= ASSIGNMENT =
Repeat only the lines below that run from the line with "Holocytochrome C Synthase" to the line with "牙齒修復(fù)的幾種方法微樁是什么意思", ends included; skip every picture.
[[ RECORD EXCERPTS, beginning ]]
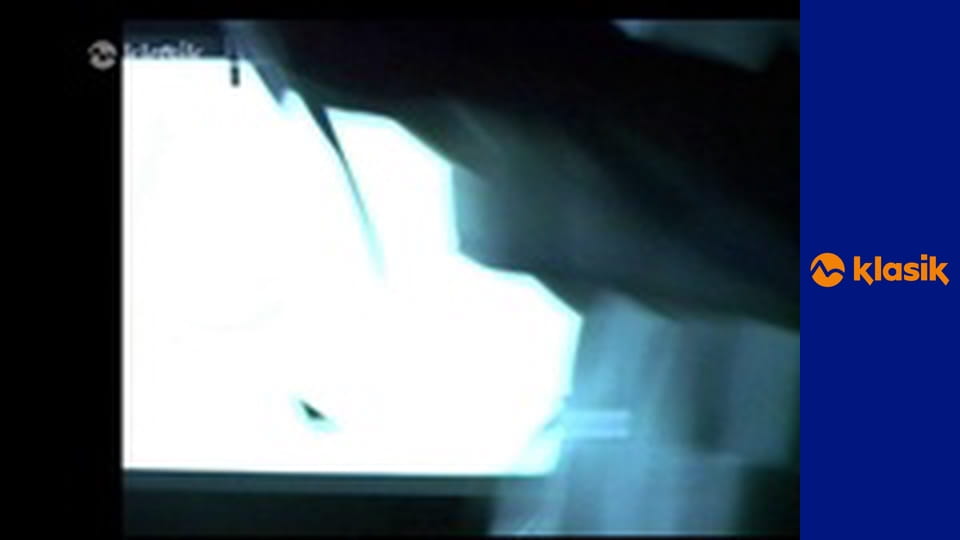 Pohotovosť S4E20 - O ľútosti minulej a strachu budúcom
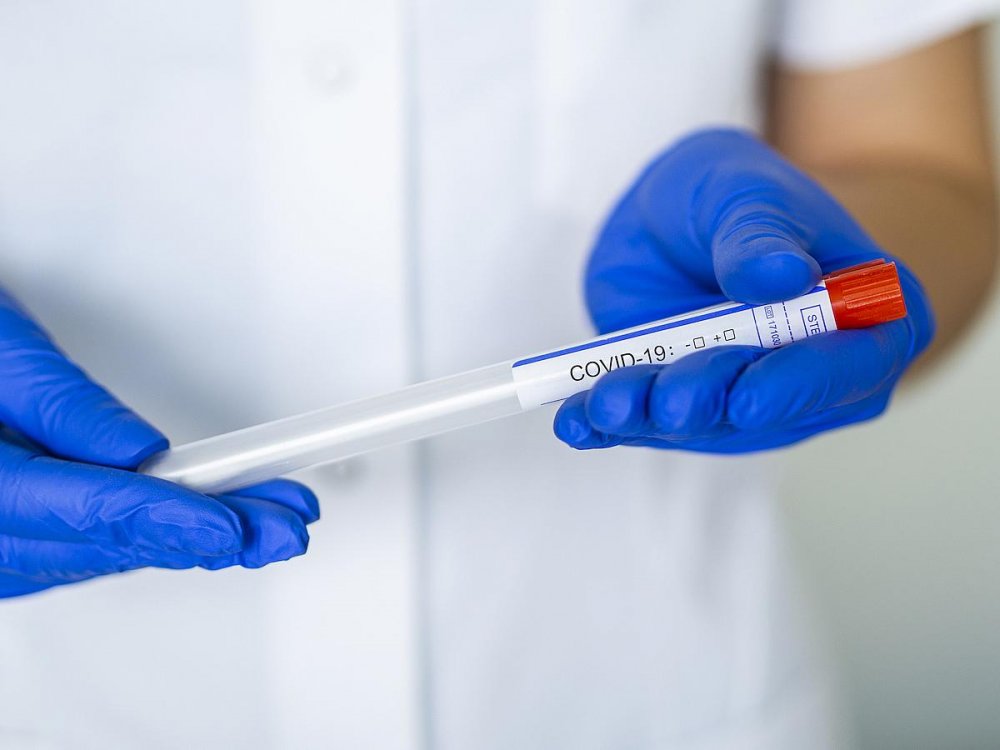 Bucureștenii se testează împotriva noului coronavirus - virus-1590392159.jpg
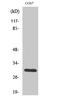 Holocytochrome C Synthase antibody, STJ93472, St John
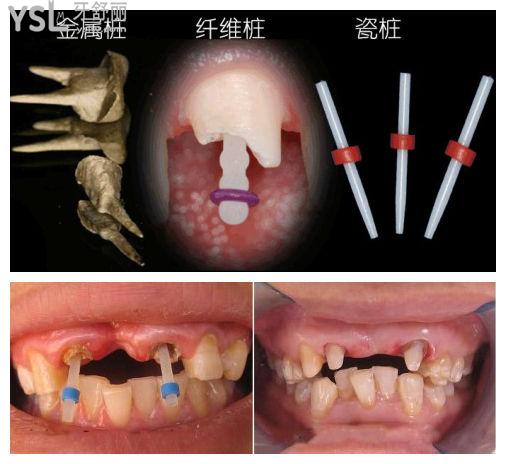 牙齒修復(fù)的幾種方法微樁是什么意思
[[ RECORD EXCERPTS, end ]]
[[ RECORD EXCERPTS, beginning ]]
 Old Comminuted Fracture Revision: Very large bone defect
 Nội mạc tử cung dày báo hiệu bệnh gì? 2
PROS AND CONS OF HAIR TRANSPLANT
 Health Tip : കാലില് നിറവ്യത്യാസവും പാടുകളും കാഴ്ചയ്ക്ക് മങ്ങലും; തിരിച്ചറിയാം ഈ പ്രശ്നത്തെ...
[[ RECORD EXCERPTS, end ]]
= ANSWER SPACE =
 Holocytochrome C Synthase antibody, STJ93472, St John
 牙齒修復(fù)的幾種方法微樁是什么意思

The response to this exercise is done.